A new report from Royal LePage indicates a national uptick in housing prices by 1% in the fourth quarter of 2026 compared to the previous year. However, this nationwide trend is not uniform, with Metro Vancouver and the Greater Toronto Area expected to buck the trend with declining property values. This divergence highlights regional economic factors influencing Canada's diverse real estate landscape.
Key Takeaways
- Nationwide aggregate home price expected to increase by 1% in Q4 2026 year-over-year.
- Metro Vancouver forecast to see a 3.5% decrease in aggregate home prices.
- Greater Toronto Area also predicted to experience a 4.5% drop in aggregate home prices.
- High inventory levels and buyer hesitancy are key factors in Vancouver's market.
- Potential interest rate cuts could stimulate market activity.
Metro Vancouver's Market Challenges
In Metro Vancouver, the aggregate home price is projected to fall by 3.5% year-over-year, reaching an estimated $1,147,868. Single-family detached homes are expected to see a more significant decline of 5%, with a median price of $1,610,915. Condominiums are also forecast to decrease by 3%, settling at $712,853.
According to Randy Ryalls, managing broker at Royal LePage, the primary driver for this downturn is a substantial supply of homes in the region.

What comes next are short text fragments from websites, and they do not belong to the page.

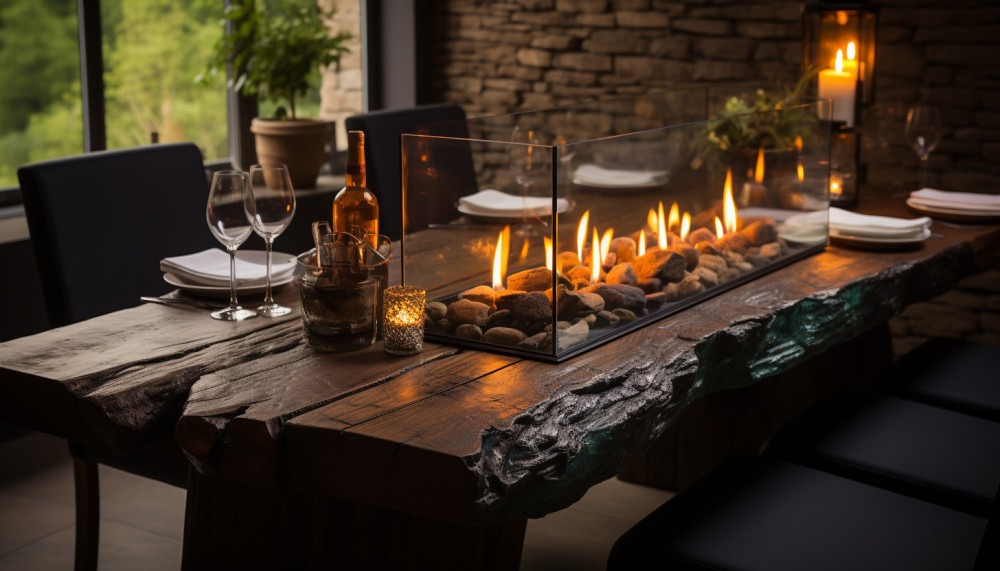 What's a table fireplace?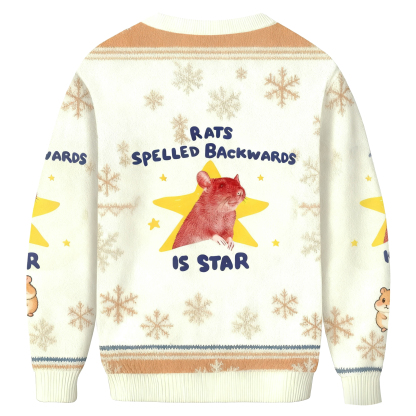 Rats Spelled Backwards Is Star Christmas Ugly Sweatshirt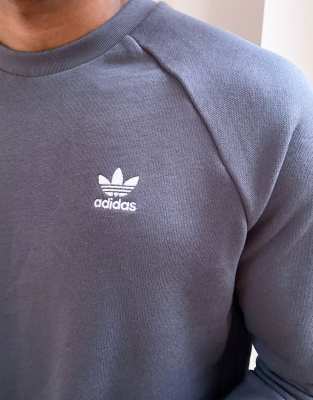 adidas originals essentials sweatshirt small logo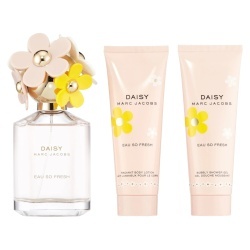 Set Marc Jacobs: Daisy Eau So Fresh, Eau De Toilette, For Women, 75 ml + Daisy Eau So Fresh, Hydrating, Body Lotion, 75 ml + Daisy Eau So Fresh, Hydrating, Shower Gel, All Skin Types, 75 ml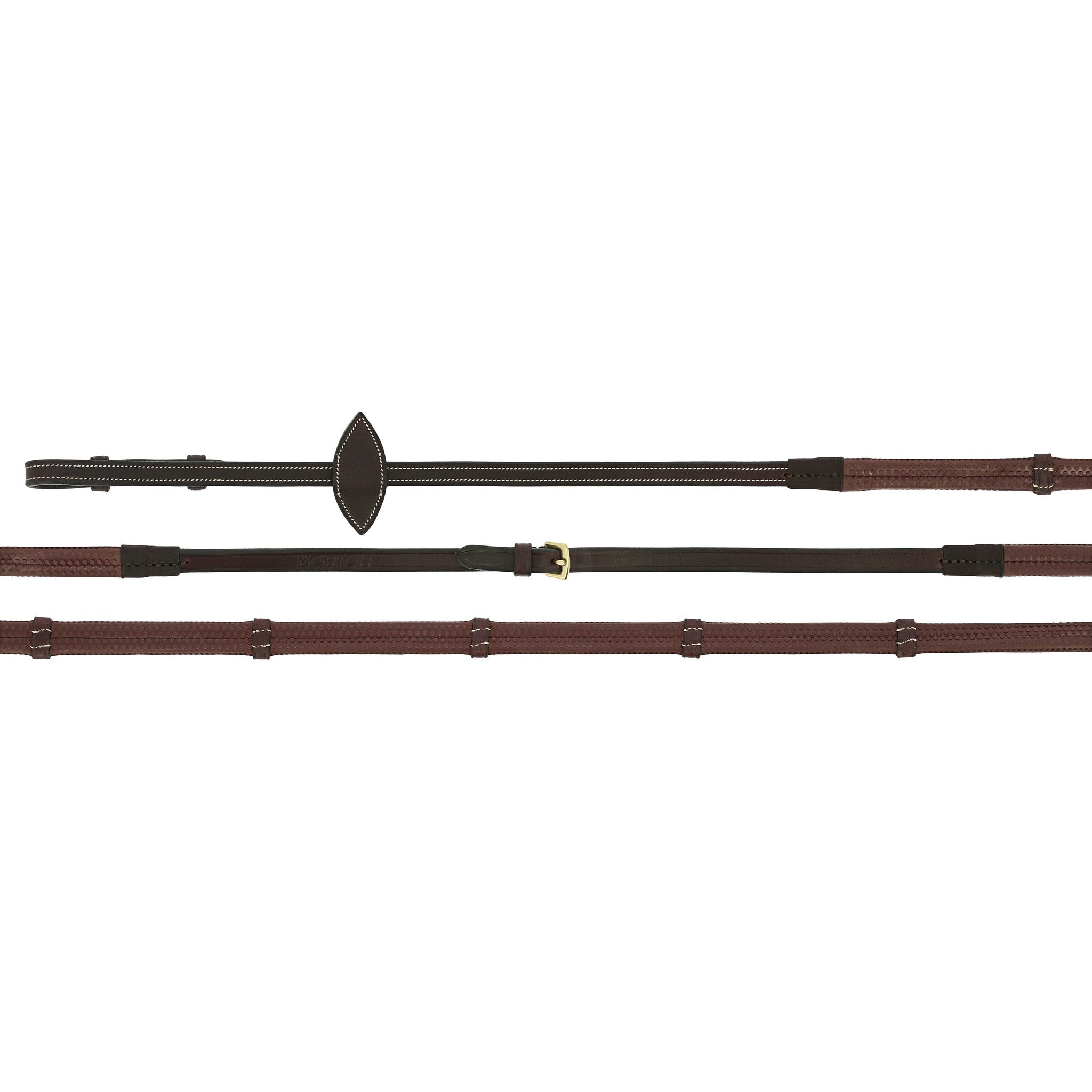 Norton Pro Rubber Reins - Oiled EK-Leather Havana - 305046118_packshot_1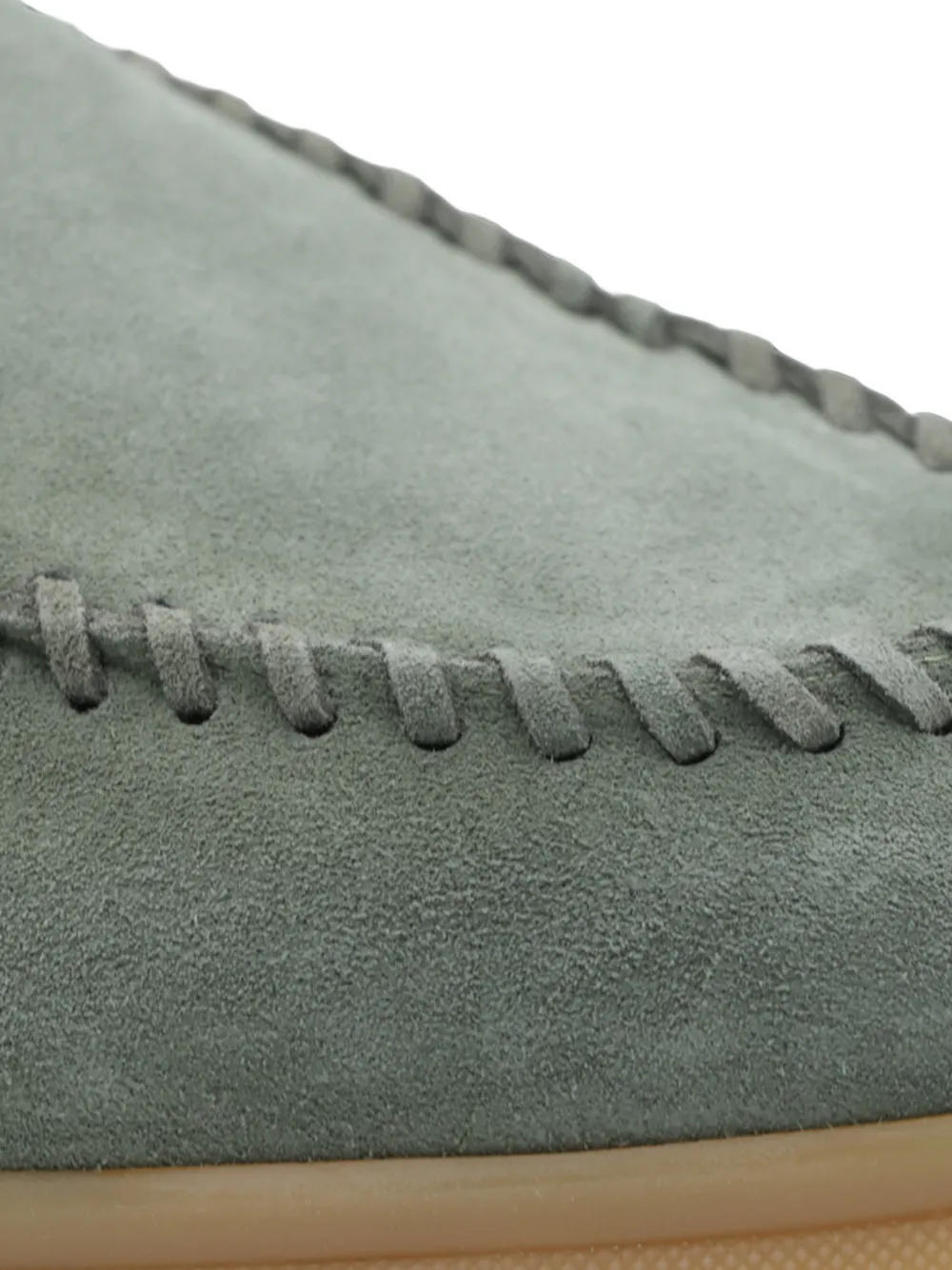 Eleventy whipstitch suede loafers Groen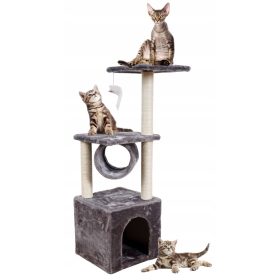 Niedriger Kratzbaum, Kratzbett, Kratzturm Omna 61 - 100 cm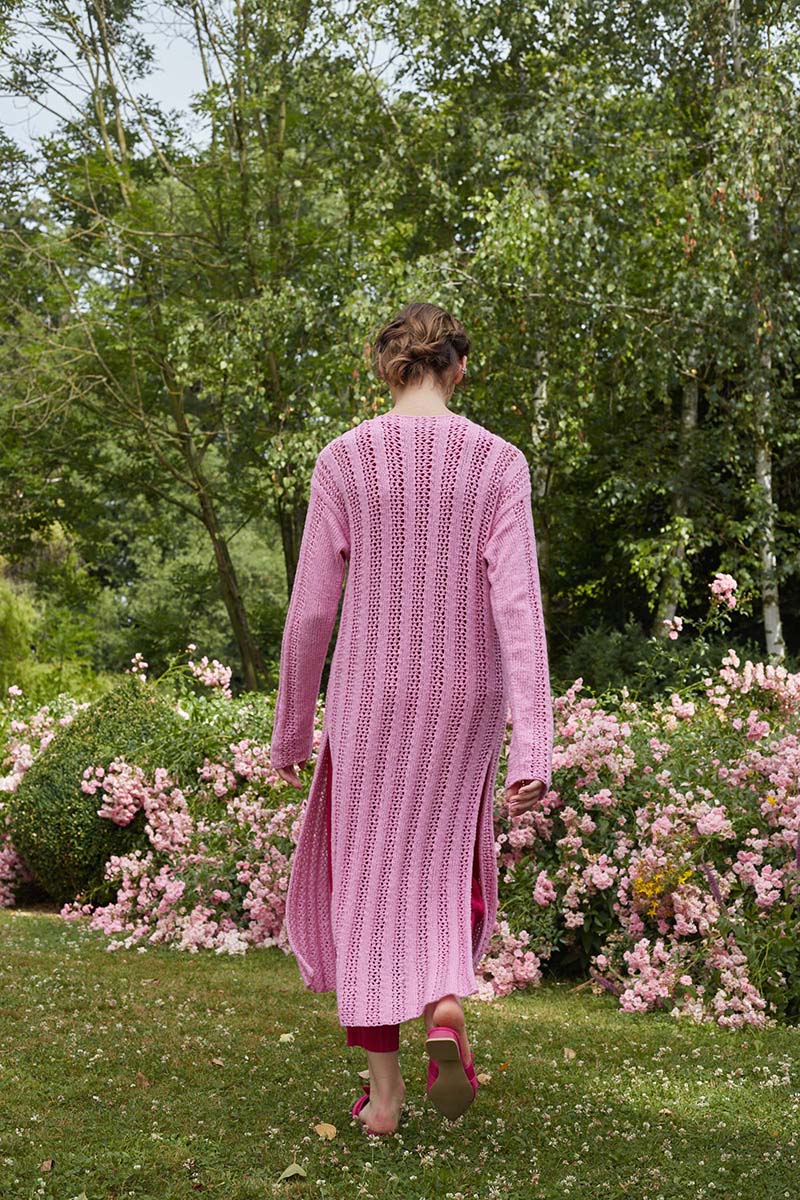 Artikelbild 5 des Artikels “Long cardigan Smell The Roses aus WOOLADDICTS Bliss “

This oversupply, coupled with a lack of urgency among buyers who are holding back and weighing their options, is leading to longer listing times. Concerns about the broader economy are also contributing to buyer caution.
Ryalls further explained that move-up buyers are caught in a "chicken-and-egg" situation, unable to sell their current homes, which in turn adds to the overall inventory in the Lower Mainland. This dynamic is contributing to the downward pressure on prices.
National Trends and Other Major Markets
While Vancouver and Toronto face a downturn, other major Canadian cities are expected to see price increases. Calgary's home prices are predicted to climb by 1.5%, and Edmonton by 2%. Montreal anticipates a 5% rise, while Quebec City is set for the most significant increase at 12%.
Royal LePage suggests that a reduction in interest rates could inject momentum into the market. However, with the Bank of Canada expected to maintain its current rate of 2.25%, such a stimulus appears unlikely in the immediate future. The Greater Toronto Area is the only other major market forecasted to experience a price decline, with an expected year-over-year drop of 4.5% to $1,054,129.